It got to be like, 60 degrees on Tuesday and the sun came out after a few days down at around noon or 12:30.
It was perfect given where I was walking — through midtown, in the heart of New York’s holiday cheer.
But this is the season of chasing time, which makes it hard to pick up on the tacit qualities that unknowingly lead us as we embark on these races against an indefeatable clock.
So I haven’t felt as connected to the cheer — the sort of sweetness that traipses through air in December when the generosity of the human spirit spills out onto the streets it walks.
It’s been more like a tunnel where I am, but not one I resent or even that scares me because these tubular walls are familiar now and I know that this is just what it’s like when you have a new baby at home.
It’s wild how something could terrify you, not because it’s scary but because it’s new. The first time I had kids, I didn’t know there was a light at the end of this tunnel, so I just tried to get out as soon as I could.
I didn’t know I’d be in there until my kids grew a bit older — that there was no use in rushing and in fact, that the gift of the tunnel was also the gift of being with them and being with me.
I’m relieved I know now.
But it was good to be out on Tuesday. I forget how stunning the December sun can be. How soft it is, how it turns what it touches to gold. You really do get the sense that when it hits, God is smiling at you.
As I made my way up from midtown on foot, I thought about what my city walks give to me. The psychic clean up, the slowdown, the clarity. The way they help me sip in the collective vibe, affording me feedback on the cultural temperature.
Not getting this feedback when the streets empty out is, I think, what makes my winters hard. I need the feedback to feel alive — to remember how big the world is outside of me. How refreshingly small I am in the grand scheme.
This isn’t a street report but on my walk home, I encountered small style signatures that reminded me: I really do believe in magic.
The way two pairs of innocuous, matching white socks felt like the main event under the afternoon light.
How jeans and a mid-length coat hit their wearer in precisely the right places.

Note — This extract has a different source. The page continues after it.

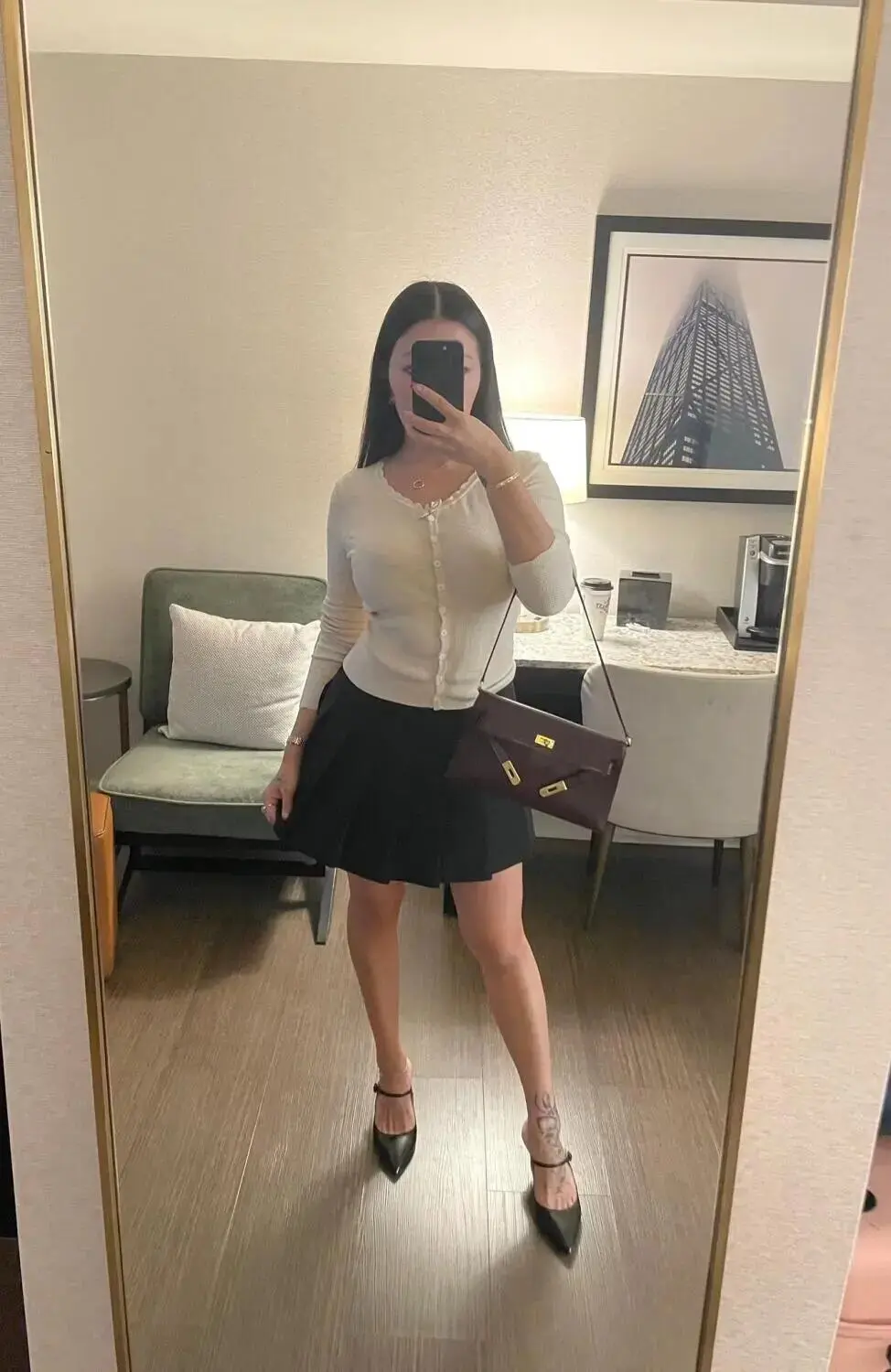 Escort Model Ellie - 4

The leather patches on the elbows of one tweed coat, coordinated with a pair of all-weather boots and his skinny cigar, smoke emanating outwards.
And I loved how the plaid inner of a single breast trench coat looked flipped out over worn blue pants.

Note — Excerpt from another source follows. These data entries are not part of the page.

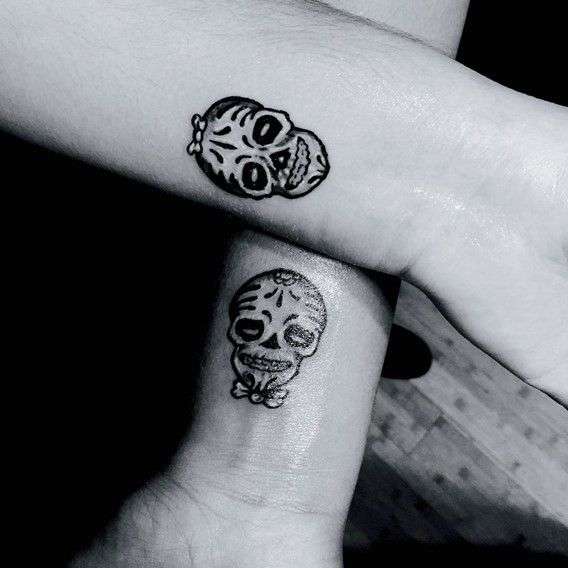 Tatuaje de calaveras en pareja blanco y negro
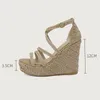 Sandaler 2023 Summer Korean Edition Slope Heel Imitation Casual With Heels for Women Thong Flat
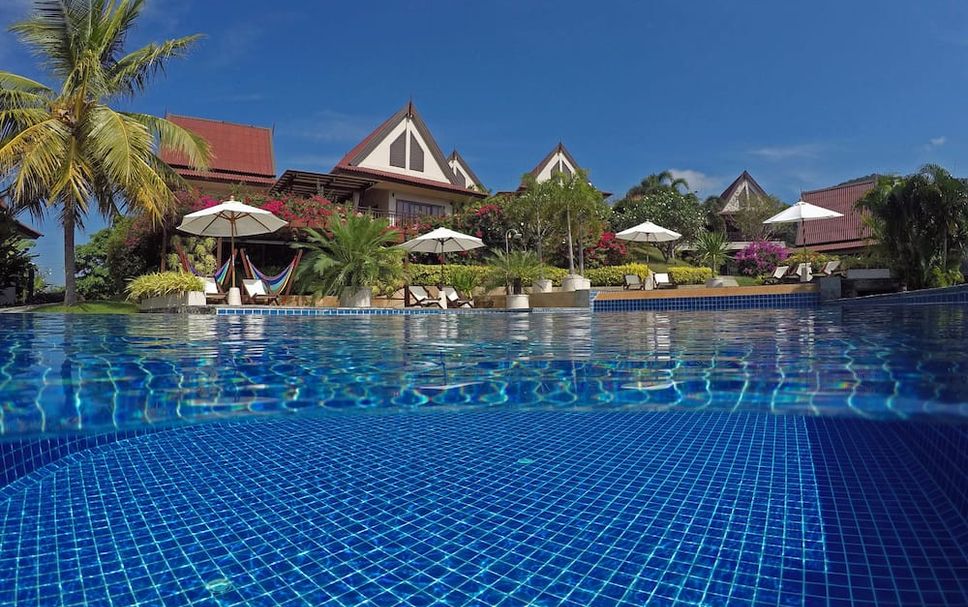 สระว่ายน้ำ รูปภาพ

The further uptown I made it, the more specific the details became.
Backpacks rubbing shoulders, regal dogs walking together.
Then finally, a few blocks from home, a sunset horizon descending to the tune of Robert Frost’s, “Nothing gold can stay.”
In December, the bright side is the reminder that gold always comes back the next day.
A cold front may be coming but it is holly, jolly out there.
Have magic next week, and as always, thank you for coming around. I’ll see you back here in 2025.
Just got to town and even with the gloom descending, feeling and absorbing the holiday magic.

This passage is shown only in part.